It is estimated that fossil fuel power plants used for electricity production are responsible for a quarter of the total greenhouse gas emissions in Europe. However, in Switzerland electricity is mainly produced by nuclear and hydroelectric power plants; this production accounts for 2% of GHG emissions.
The country also relies on imports from neighboring countries to meet its needs. This represents 11% of the electricity consumed. But, this electricity originates from power stations that are highly “carbon intensive.”
In order to decarbonise Switzerland, a team of scientists from the UNIGE and Empa has developed various energy scenarios and defined the best path to follow.
“We developed seven different scenarios that include solar, wind and hydropower energy with varying degrees. All of this with and without the use of nuclear power as Switzerland envisages a gradual withdrawal from this mode of production by 2050,” explains Elliot Romano, a senior scientist in the F.-A. Forel Department of Environmental and Water Sciences at the UNIGE Faculty of Science.
After studying several options, the research team determined that the optimal scenario would be a mix of photovoltaic and wind generation. The model is based on a large wind power production of 12 TWh and solar power production of 25 TWh. Compared to a nuclear power solution, the proposed production mix reduces the import requirement from 16 TWh to 13.7 TWh.
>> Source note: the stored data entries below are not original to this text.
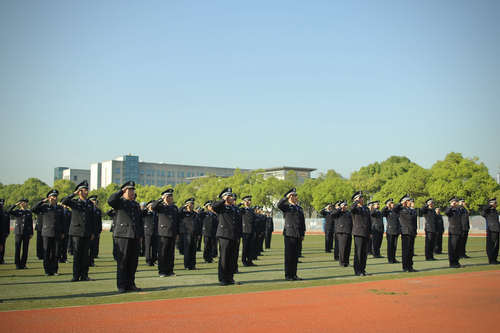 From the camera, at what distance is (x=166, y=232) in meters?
12.7

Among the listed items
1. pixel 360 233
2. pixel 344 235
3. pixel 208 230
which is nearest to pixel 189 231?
pixel 208 230

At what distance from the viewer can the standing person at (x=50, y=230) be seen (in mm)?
12539

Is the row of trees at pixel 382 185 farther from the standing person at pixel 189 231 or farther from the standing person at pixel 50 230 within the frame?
the standing person at pixel 50 230

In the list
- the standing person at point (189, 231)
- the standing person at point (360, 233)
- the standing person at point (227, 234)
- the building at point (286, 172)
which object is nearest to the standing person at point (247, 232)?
the standing person at point (189, 231)

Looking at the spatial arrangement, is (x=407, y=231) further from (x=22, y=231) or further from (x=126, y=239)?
(x=22, y=231)

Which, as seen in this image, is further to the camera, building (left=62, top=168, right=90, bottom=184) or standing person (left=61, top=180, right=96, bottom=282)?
building (left=62, top=168, right=90, bottom=184)

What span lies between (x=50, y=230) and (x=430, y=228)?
1263 cm

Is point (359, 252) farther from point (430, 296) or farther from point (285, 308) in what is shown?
point (285, 308)

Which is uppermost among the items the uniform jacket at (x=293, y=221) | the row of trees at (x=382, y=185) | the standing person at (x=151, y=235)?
the row of trees at (x=382, y=185)

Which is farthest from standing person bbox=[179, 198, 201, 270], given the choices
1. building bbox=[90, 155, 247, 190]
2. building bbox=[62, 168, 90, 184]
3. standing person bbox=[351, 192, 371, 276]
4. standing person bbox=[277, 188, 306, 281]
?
building bbox=[62, 168, 90, 184]

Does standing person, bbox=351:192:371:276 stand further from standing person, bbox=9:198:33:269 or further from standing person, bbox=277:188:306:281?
standing person, bbox=9:198:33:269

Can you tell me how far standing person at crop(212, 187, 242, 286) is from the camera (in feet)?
35.6

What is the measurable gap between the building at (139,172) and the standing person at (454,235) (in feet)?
376

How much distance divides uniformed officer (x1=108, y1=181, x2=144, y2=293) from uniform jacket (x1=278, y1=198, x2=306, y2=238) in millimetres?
3621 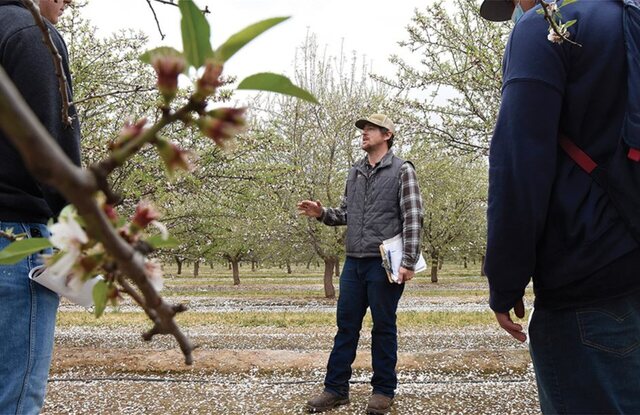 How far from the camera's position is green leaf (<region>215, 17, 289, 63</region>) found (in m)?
0.43

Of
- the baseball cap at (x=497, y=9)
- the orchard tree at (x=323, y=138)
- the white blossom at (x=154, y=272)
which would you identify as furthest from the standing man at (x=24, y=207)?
the orchard tree at (x=323, y=138)

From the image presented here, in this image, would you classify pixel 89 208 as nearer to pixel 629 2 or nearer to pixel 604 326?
pixel 604 326

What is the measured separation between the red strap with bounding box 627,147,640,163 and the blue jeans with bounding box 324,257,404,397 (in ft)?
8.45

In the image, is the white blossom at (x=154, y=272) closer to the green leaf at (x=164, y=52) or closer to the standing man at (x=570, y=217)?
the green leaf at (x=164, y=52)

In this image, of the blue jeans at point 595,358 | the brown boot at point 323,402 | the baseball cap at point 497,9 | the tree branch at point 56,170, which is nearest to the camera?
the tree branch at point 56,170

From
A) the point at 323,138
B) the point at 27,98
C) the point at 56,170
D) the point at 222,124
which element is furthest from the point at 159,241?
the point at 323,138

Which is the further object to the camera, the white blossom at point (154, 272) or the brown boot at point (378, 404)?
the brown boot at point (378, 404)

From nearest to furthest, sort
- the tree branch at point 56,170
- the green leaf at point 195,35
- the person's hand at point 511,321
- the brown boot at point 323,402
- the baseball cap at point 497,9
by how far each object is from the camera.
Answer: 1. the tree branch at point 56,170
2. the green leaf at point 195,35
3. the person's hand at point 511,321
4. the baseball cap at point 497,9
5. the brown boot at point 323,402

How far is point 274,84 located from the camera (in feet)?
1.51

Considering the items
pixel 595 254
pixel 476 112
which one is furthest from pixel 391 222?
pixel 476 112

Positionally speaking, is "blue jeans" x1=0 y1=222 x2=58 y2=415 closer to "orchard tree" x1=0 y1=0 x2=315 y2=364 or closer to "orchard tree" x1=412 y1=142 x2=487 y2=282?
"orchard tree" x1=0 y1=0 x2=315 y2=364

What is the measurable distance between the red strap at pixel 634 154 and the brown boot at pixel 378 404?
2.97 metres

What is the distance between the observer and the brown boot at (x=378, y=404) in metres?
4.02

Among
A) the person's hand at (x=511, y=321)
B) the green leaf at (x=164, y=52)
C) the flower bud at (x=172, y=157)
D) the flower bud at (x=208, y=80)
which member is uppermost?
the green leaf at (x=164, y=52)
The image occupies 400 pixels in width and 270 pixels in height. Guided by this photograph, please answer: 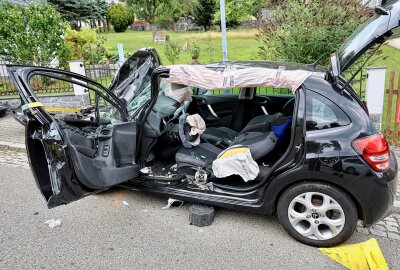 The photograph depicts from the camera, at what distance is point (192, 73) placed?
3.32m

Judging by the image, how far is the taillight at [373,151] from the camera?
273 cm

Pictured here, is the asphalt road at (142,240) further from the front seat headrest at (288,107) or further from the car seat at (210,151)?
the front seat headrest at (288,107)

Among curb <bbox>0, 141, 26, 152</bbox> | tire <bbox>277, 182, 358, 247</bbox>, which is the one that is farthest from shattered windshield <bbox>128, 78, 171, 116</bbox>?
curb <bbox>0, 141, 26, 152</bbox>

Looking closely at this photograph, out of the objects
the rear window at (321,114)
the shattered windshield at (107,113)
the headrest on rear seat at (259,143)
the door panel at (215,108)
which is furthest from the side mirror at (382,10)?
the shattered windshield at (107,113)

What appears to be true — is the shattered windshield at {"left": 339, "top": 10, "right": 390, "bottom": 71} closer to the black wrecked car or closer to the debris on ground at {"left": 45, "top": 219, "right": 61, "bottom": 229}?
the black wrecked car

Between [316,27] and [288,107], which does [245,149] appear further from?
[316,27]

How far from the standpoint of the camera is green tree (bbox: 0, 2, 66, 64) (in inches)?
342

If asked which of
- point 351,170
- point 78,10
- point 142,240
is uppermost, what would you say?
point 78,10

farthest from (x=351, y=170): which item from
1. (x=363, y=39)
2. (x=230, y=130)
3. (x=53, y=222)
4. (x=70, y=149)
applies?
(x=53, y=222)

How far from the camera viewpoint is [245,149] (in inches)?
131

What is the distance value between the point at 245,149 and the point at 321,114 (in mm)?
812

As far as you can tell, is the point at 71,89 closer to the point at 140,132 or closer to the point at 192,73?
the point at 140,132

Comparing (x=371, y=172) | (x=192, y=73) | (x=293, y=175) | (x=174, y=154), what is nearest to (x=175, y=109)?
(x=174, y=154)

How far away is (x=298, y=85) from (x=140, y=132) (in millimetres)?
1772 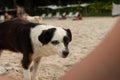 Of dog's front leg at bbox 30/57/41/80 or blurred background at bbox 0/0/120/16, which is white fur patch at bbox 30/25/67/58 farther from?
blurred background at bbox 0/0/120/16

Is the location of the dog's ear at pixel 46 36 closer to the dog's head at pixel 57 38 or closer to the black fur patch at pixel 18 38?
the dog's head at pixel 57 38

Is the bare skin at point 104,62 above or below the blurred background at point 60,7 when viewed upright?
above

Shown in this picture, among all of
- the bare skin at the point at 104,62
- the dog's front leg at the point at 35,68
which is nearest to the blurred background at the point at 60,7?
the dog's front leg at the point at 35,68

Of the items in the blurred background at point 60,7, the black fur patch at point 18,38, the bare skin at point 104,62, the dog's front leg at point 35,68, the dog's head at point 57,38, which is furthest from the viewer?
the blurred background at point 60,7

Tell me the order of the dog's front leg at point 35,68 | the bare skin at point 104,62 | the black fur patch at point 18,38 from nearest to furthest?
the bare skin at point 104,62
the black fur patch at point 18,38
the dog's front leg at point 35,68

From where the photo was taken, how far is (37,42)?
18.7 feet

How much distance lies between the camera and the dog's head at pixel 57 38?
5.58 m

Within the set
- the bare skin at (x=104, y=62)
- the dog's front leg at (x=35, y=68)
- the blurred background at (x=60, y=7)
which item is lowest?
the blurred background at (x=60, y=7)

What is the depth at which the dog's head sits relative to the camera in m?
5.58

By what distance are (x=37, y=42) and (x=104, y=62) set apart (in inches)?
182

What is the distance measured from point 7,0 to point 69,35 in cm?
4240

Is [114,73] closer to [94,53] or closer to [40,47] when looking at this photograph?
[94,53]

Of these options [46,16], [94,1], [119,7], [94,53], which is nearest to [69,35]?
[94,53]

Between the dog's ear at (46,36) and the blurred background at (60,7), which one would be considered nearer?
the dog's ear at (46,36)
Nonetheless, this scenario, taking into account future electricity needs, would increase the carbon footprint of consumption from 89g of CO2 per kWh (in 2018) to 131g of CO2 per kWh in the future. However, the electrification of these needs as a whole would ultimately reduce Switzerland’s contribution to GHG emissions by 45%. The researchers also showed that the current storage facilities would only be able to partially manage the summer electricity surpluses, which would result from the large capacity of the photovoltaic power plants in operation at the time.
“Until now, research on the footprint of electricity production has been based on average consumption values, particularly annual values. The strength of our study lies in the use of hourly values and therefore much more precise,” explains Elliot Romano. The direct but also the indirect footprint of this production was also integrated. “We took into account the footprint generated, for example, by the production of the concrete used in the construction of a power plant. This method, therefore, enabled us to carry out a comprehensive analysis of the life cycle of electricity production.”
This method and the unprecedentedly precise data provide concrete guidelines for Switzerland’s 2050 energy strategy.